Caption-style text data
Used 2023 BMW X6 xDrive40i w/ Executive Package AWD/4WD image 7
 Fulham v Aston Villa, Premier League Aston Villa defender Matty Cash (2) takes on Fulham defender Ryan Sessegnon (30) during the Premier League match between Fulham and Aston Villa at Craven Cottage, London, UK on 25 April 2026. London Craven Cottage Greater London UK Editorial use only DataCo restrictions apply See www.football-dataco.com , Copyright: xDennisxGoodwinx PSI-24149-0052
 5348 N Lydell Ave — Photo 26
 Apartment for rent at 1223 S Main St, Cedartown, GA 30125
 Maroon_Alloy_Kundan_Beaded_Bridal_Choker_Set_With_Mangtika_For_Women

WHAT NEEDS TO BE DONE: Go through the records above and copy each line exactly.

WRITTEN SOLUTION:
Used 2023 BMW X6 xDrive40i w/ Executive Package AWD/4WD image 7
 Fulham v Aston Villa, Premier League Aston Villa defender Matty Cash (2) takes on Fulham defender Ryan Sessegnon (30) during the Premier League match between Fulham and Aston Villa at Craven Cottage, London, UK on 25 April 2026. London Craven Cottage Greater London UK Editorial use only DataCo restrictions apply See www.football-dataco.com , Copyright: xDennisxGoodwinx PSI-24149-0052
 5348 N Lydell Ave — Photo 26
 Apartment for rent at 1223 S Main St, Cedartown, GA 30125
 Maroon_Alloy_Kundan_Beaded_Bridal_Choker_Set_With_Mangtika_For_Women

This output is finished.